(Collected data)
+ + + + +
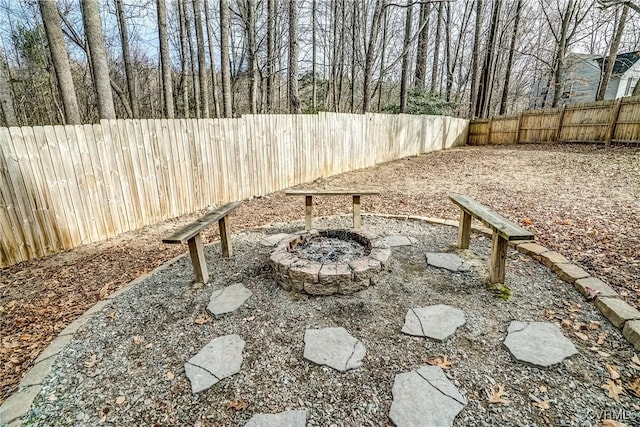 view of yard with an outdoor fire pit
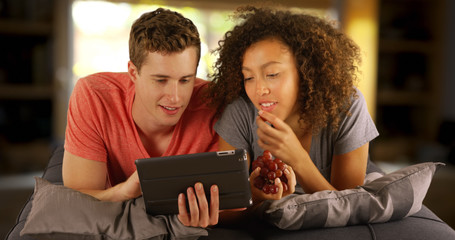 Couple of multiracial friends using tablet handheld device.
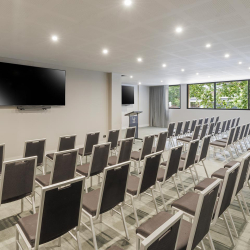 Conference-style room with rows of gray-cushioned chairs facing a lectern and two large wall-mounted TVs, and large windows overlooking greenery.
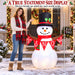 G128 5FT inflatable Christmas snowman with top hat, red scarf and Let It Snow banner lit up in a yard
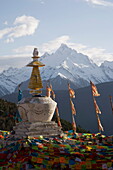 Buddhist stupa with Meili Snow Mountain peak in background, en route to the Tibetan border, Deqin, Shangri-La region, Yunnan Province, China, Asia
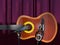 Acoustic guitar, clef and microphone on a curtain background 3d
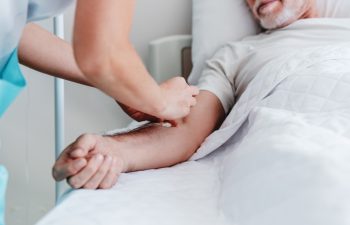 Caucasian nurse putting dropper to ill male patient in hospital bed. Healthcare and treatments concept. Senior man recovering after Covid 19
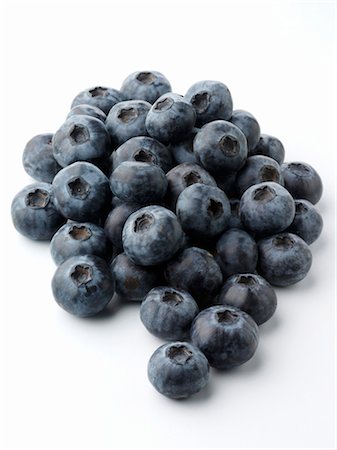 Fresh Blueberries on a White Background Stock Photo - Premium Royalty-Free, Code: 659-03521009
+ + + + +
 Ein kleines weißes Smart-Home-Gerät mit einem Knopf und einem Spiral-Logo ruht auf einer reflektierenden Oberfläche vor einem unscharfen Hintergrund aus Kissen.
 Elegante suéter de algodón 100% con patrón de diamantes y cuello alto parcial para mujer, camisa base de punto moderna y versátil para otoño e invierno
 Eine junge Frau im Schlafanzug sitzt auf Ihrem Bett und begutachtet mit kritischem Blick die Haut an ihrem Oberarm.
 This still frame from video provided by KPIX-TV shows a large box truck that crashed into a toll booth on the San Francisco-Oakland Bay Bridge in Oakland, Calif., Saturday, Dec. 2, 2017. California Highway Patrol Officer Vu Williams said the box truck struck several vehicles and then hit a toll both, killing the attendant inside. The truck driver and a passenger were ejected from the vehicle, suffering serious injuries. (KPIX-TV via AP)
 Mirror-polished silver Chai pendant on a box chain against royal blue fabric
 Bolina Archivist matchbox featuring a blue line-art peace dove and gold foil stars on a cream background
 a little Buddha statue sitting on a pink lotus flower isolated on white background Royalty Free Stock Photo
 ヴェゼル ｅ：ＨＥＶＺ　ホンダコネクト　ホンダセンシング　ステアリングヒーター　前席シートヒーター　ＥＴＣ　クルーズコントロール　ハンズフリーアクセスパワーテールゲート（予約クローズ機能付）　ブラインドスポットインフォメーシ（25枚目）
+ + + + +
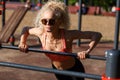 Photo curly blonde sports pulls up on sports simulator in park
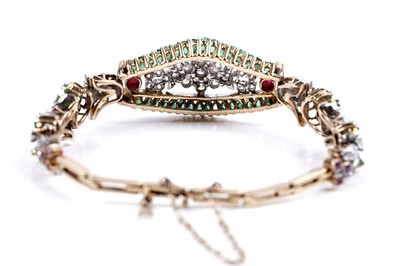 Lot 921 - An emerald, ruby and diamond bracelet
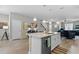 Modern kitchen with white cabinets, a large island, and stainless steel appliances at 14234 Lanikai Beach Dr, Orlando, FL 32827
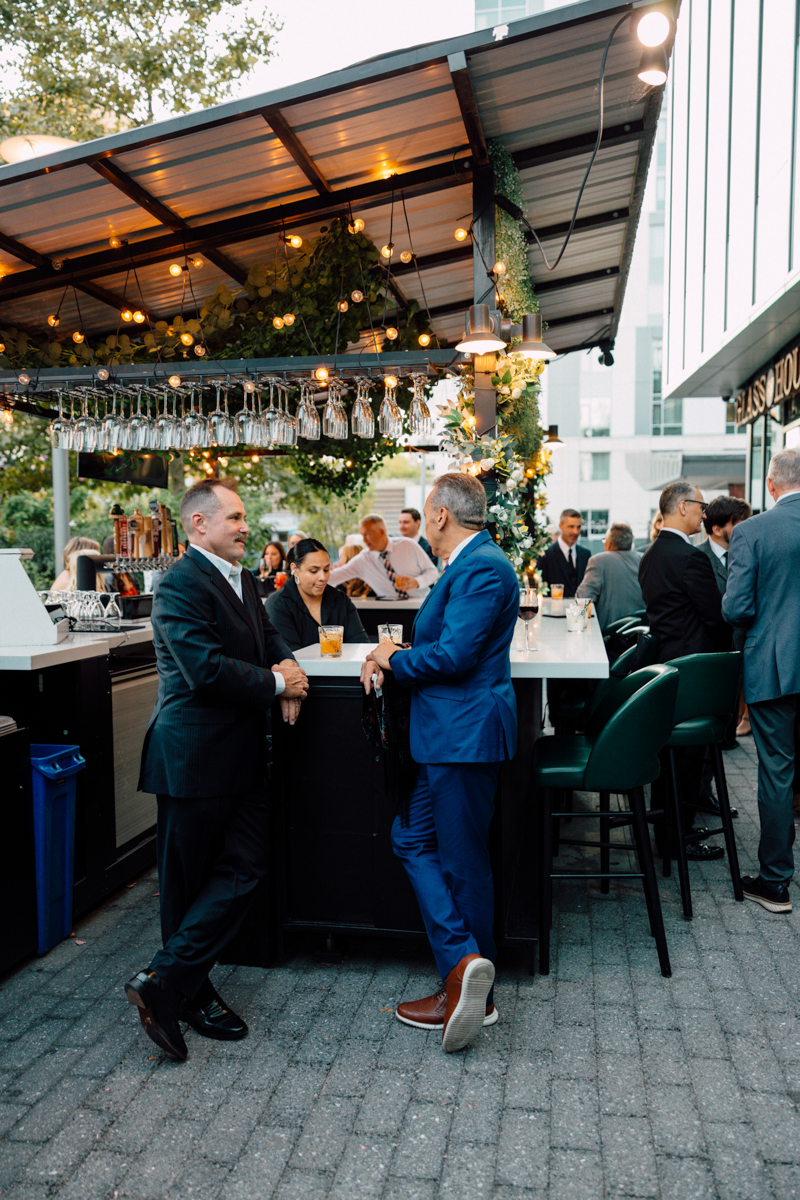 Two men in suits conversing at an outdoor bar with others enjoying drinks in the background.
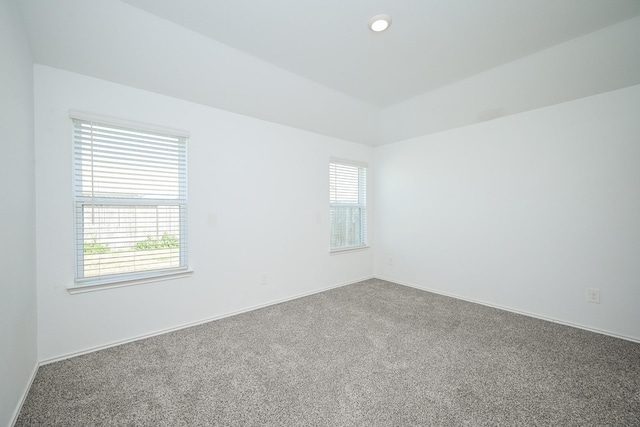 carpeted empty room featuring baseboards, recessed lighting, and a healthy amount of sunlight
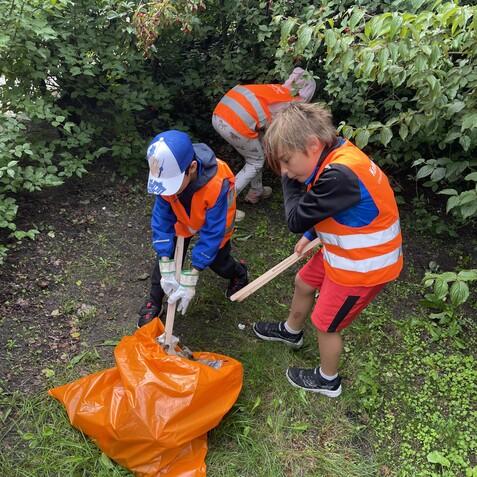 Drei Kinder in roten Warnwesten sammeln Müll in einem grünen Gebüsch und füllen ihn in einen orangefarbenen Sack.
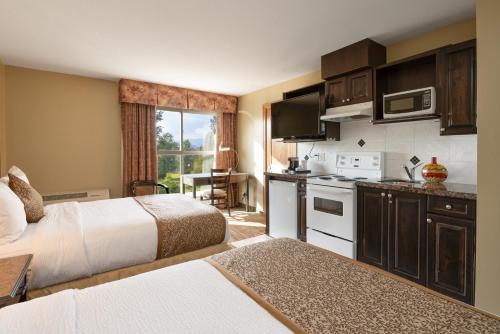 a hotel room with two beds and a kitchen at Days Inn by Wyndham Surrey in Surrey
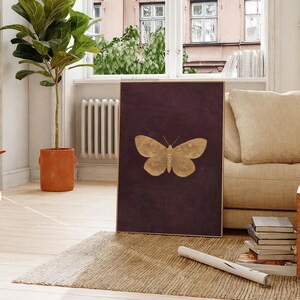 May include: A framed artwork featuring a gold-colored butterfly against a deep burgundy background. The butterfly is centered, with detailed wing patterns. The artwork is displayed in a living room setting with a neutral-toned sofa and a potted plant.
+ + + + +
Copy word for word the span of the records above that begins at the line with "view of yard with an outdoor fire pit" and ends at the line with "Caucasian nurse putting", including those two lines but not the pictures.

Response to the exercise:
 view of yard with an outdoor fire pit
 Couple of multiracial friends using tablet handheld device.
 Conference-style room with rows of gray-cushioned chairs facing a lectern and two large wall-mounted TVs, and large windows overlooking greenery.
 G128 5FT inflatable Christmas snowman with top hat, red scarf and Let It Snow banner lit up in a yard
 Buddhist stupa with Meili Snow Mountain peak in background, en route to the Tibetan border, Deqin, Shangri-La region, Yunnan Province, China, Asia
 Acoustic guitar, clef and microphone on a curtain background 3d
 Caucasian nurse putting dropper to ill male patient in hospital bed. Healthcare and treatments concept. Senior man recovering after Covid 19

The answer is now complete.